Start of THE INPUT

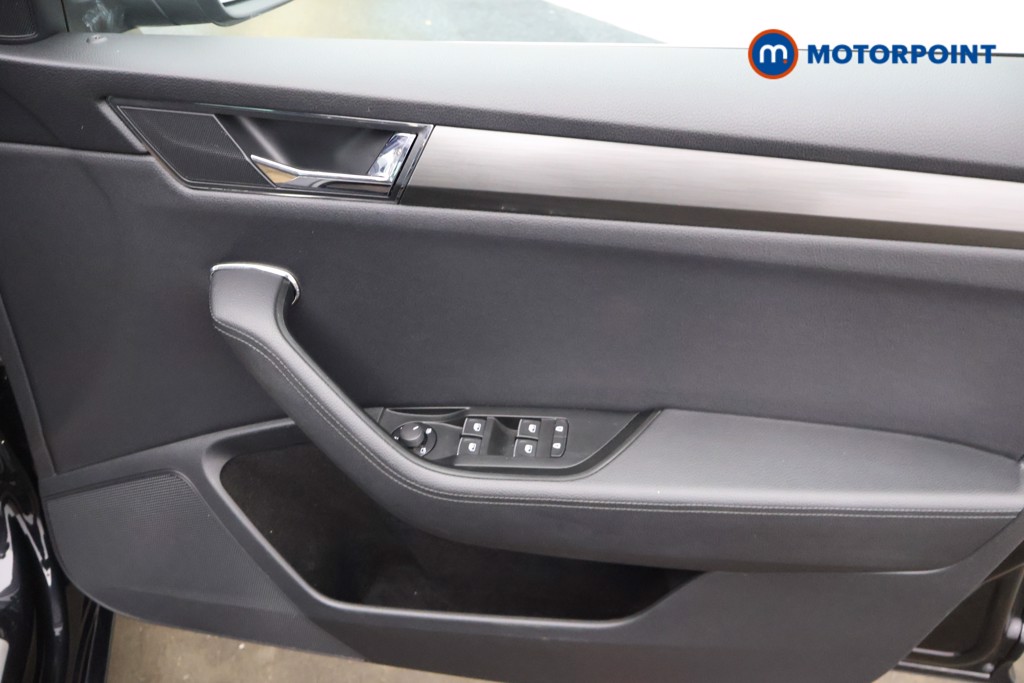 Skoda Superb Se L Automatic Petrol Estate - Stock Number (1609548) - 11th supplementary image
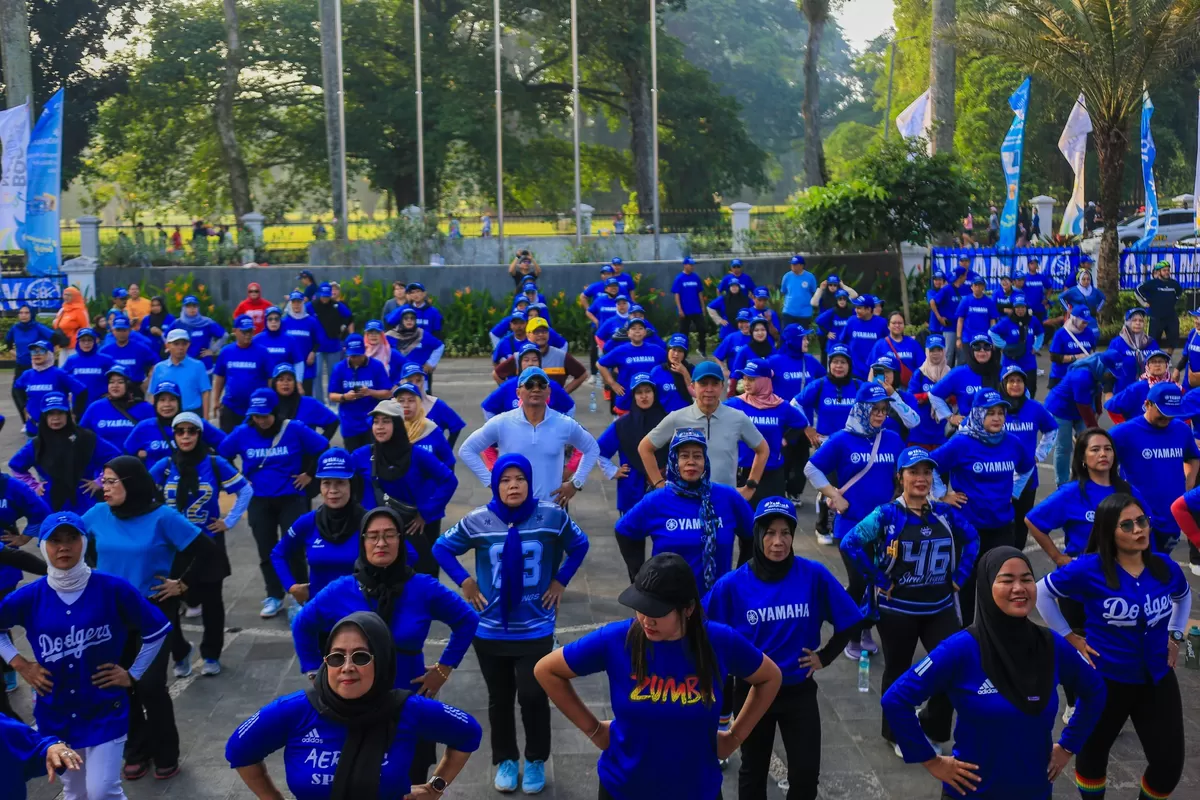 Warga Antusias Ikuti Senam dan Fun Walk Yamaha Mekar Motor (Dims )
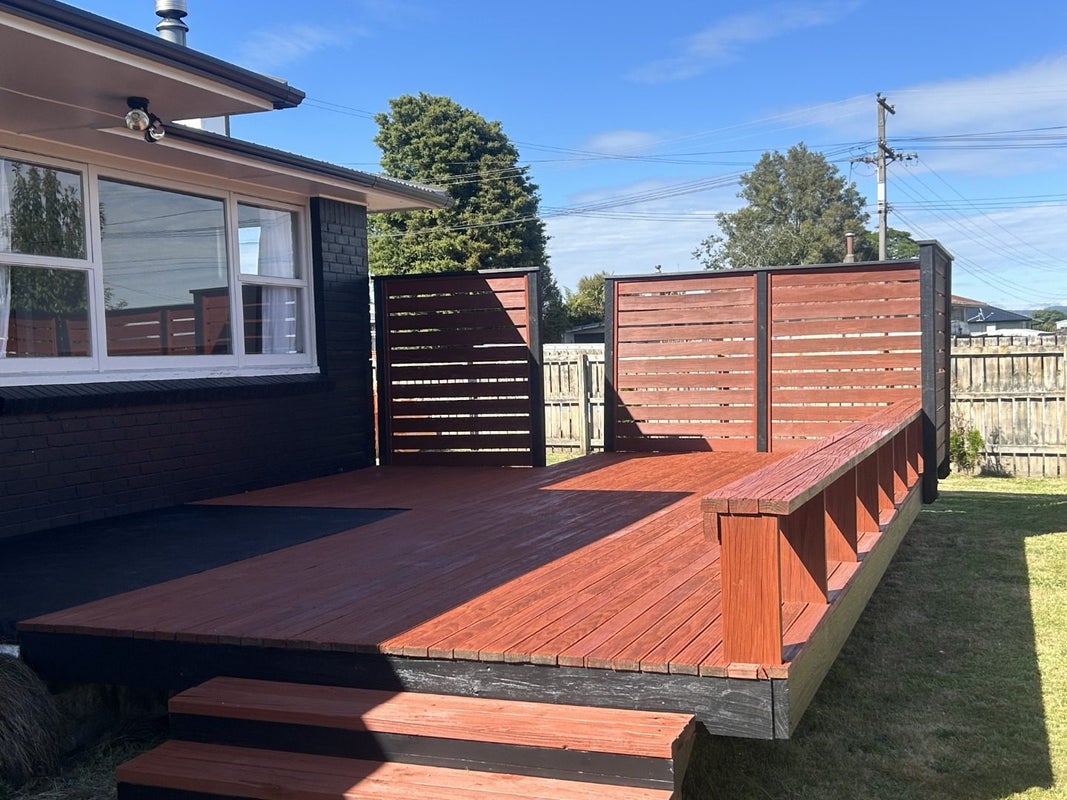 15 Sunrise Avenue, Owhata, Rotorua - Carousel 2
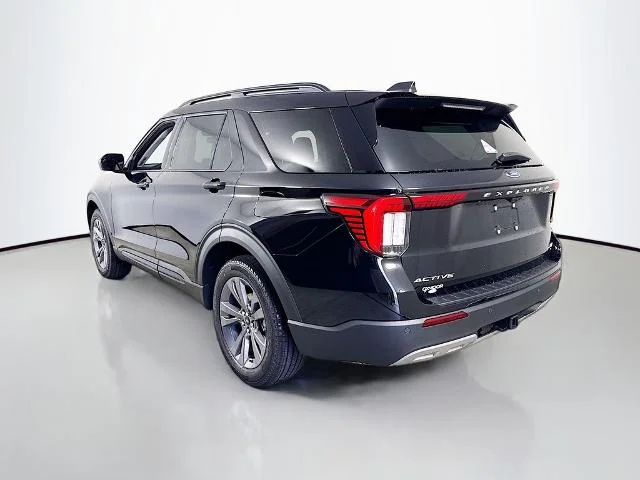 New 2026 Agate Black Metallic Ford Active image 38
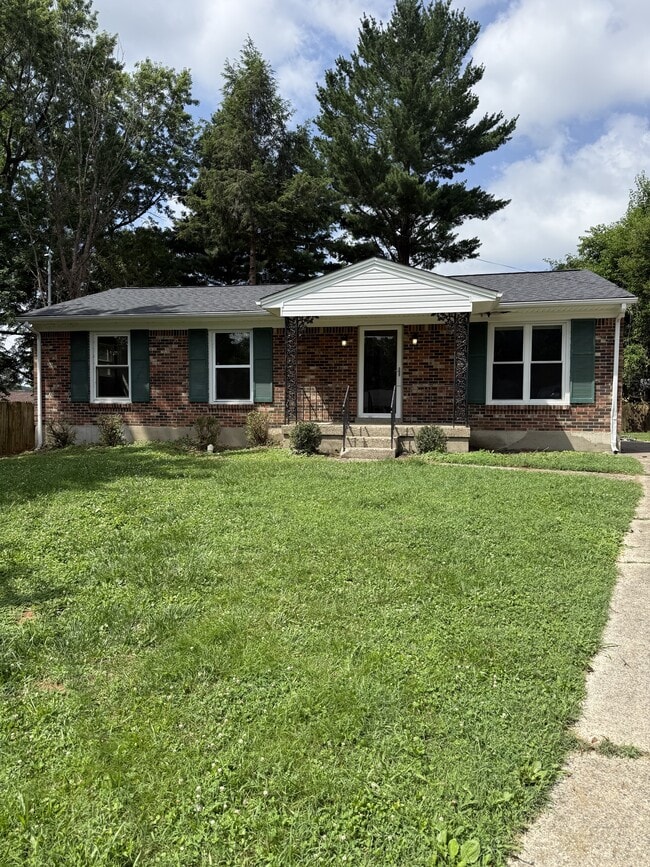 7604 Carmil Ct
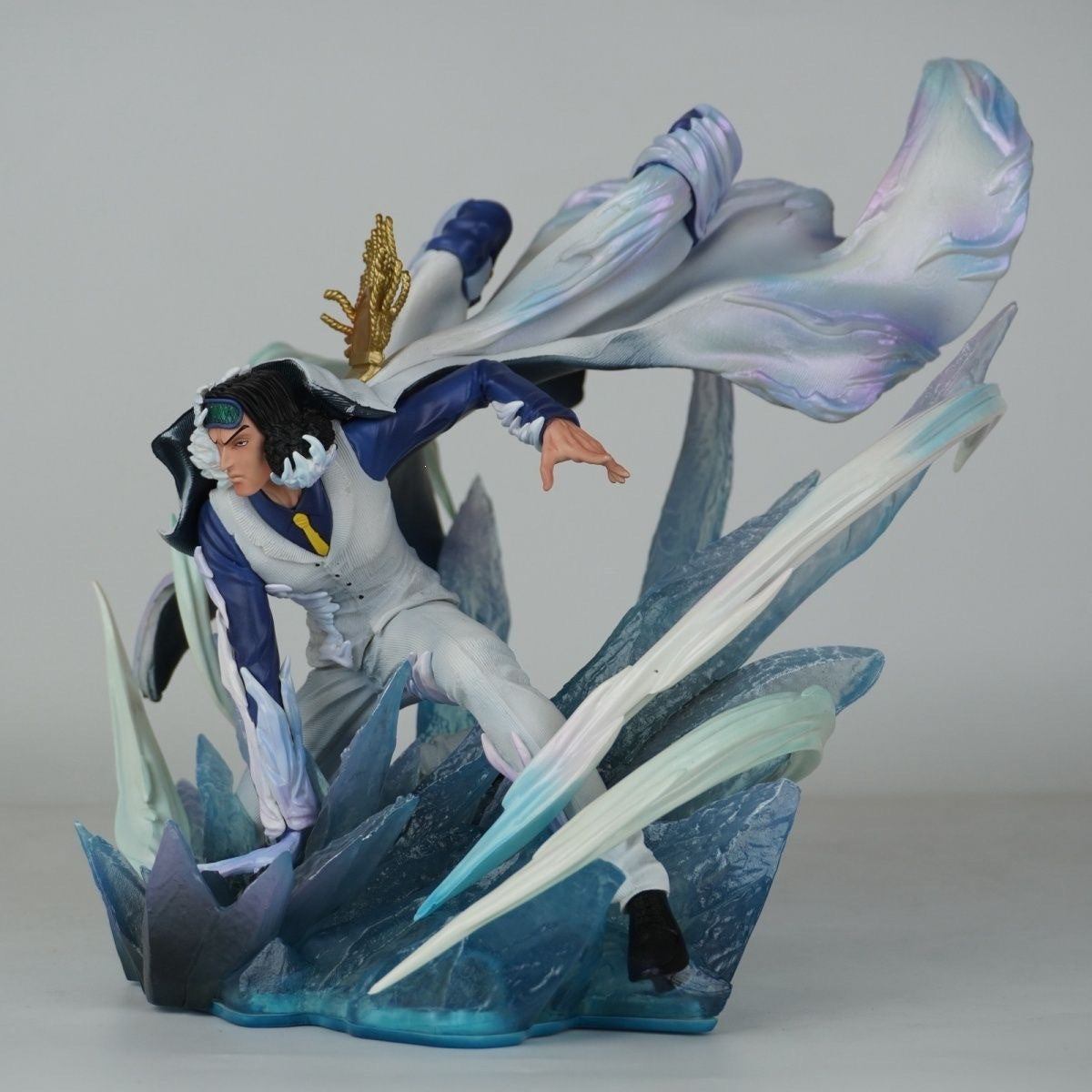 One Piece Aokiji Kuzan ice effect GK statue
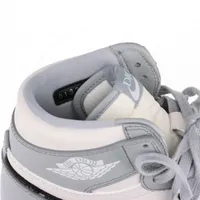 靴 NIKE AIRDior DIOR X AIR JORDAN 1 Low On Foot Review - YouTube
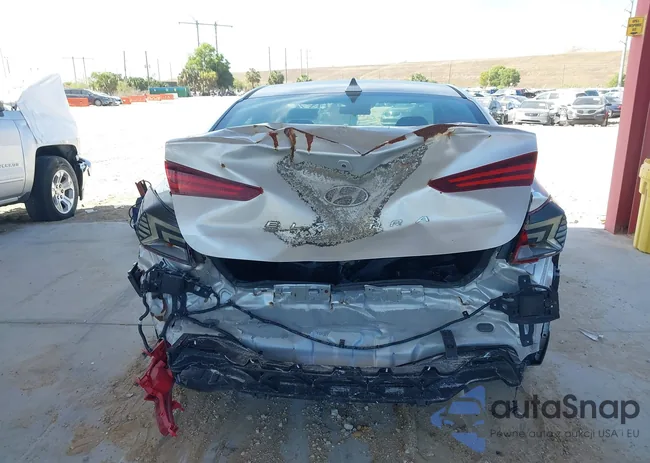 5NPD84LF4LH521313: 41831976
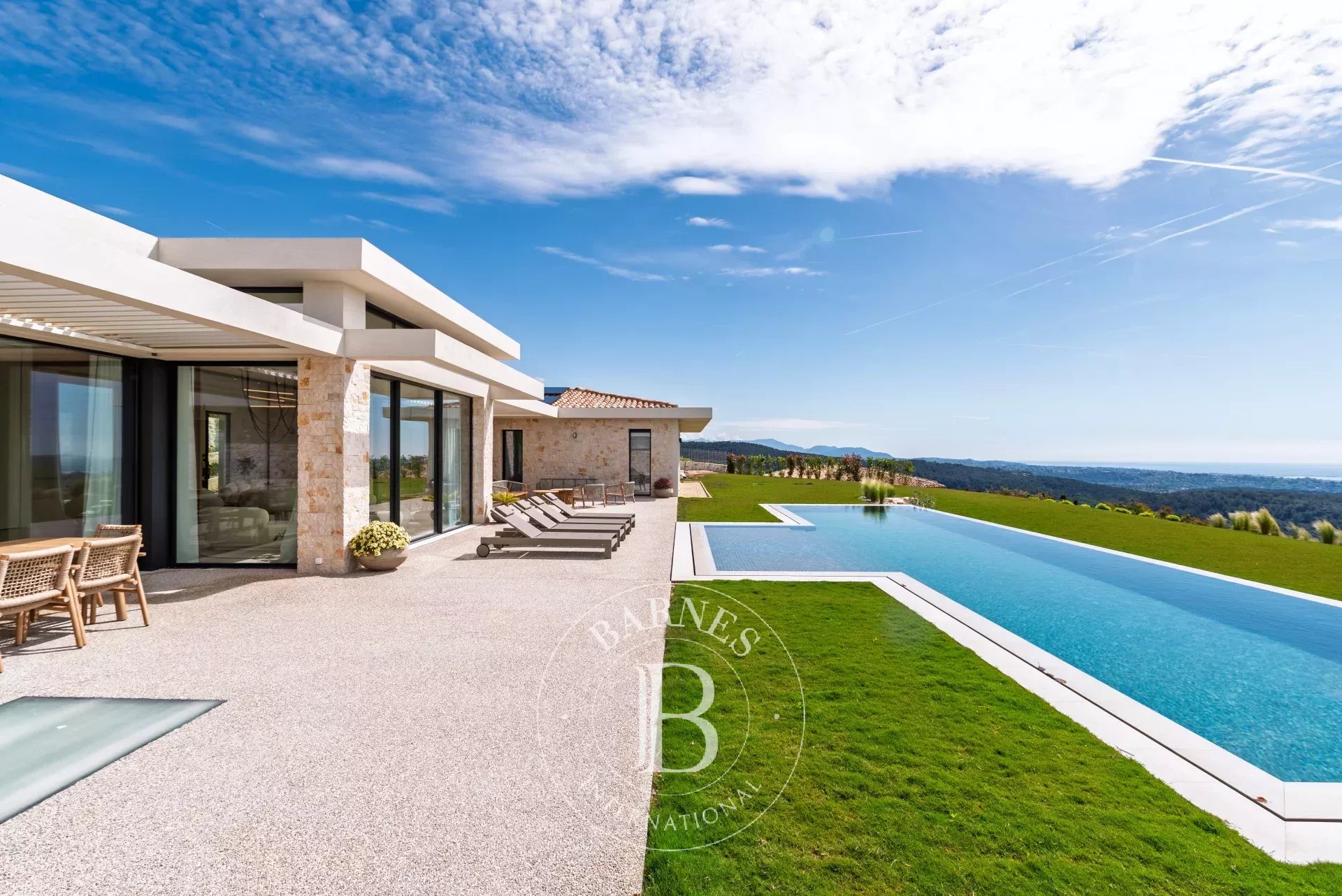 Roquefort-les-Pins - Highly sought-after residential area - New villa with breathtaking sea views - picture 6 title=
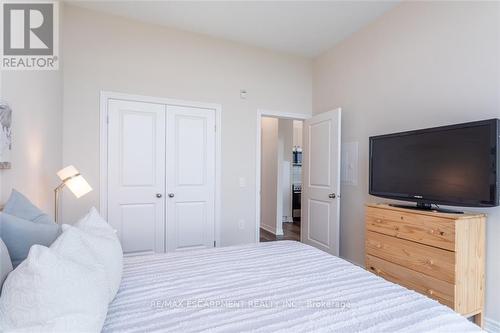 802 - 2750 King Street E, Hamilton (Corman), ON - Indoor Photo Showing Bedroom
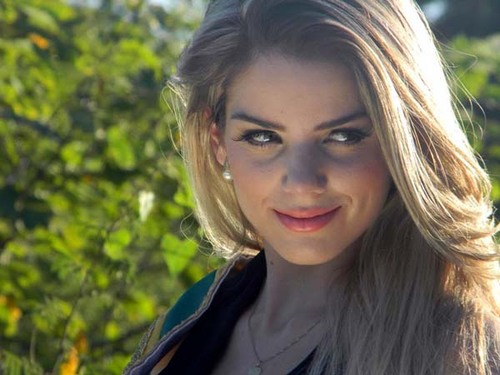 Estudante de Direito apaixonada por vaquejada, flamenguista, amo dançar forró. Um dia a #Verdade Aparece!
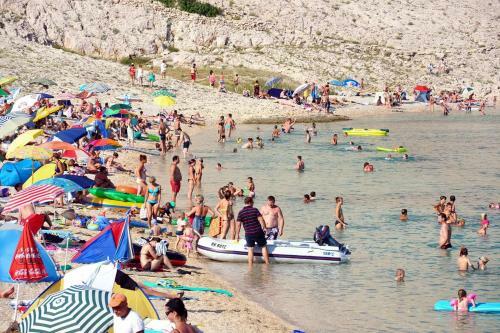 Hostal Triple Room Metajna 206e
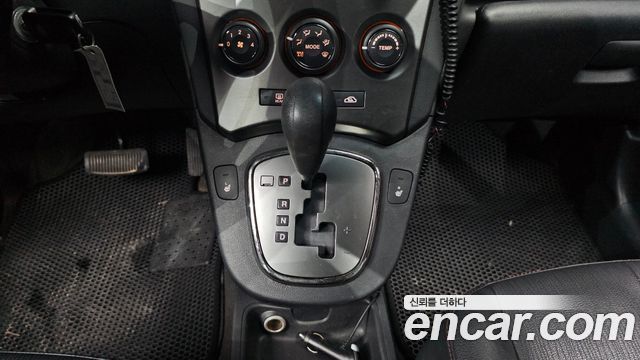 Kia Carens 2013 — photo 9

End of THE INPUT

__TO DO__: Print, please, exactly the lines from the one holding "Hostal Triple Room Metajna 206e" through the final line of the data, both included, while leaving out each picture.

__ANSWER BOX__:
 Hostal Triple Room Metajna 206e
 Kia Carens 2013 — photo 9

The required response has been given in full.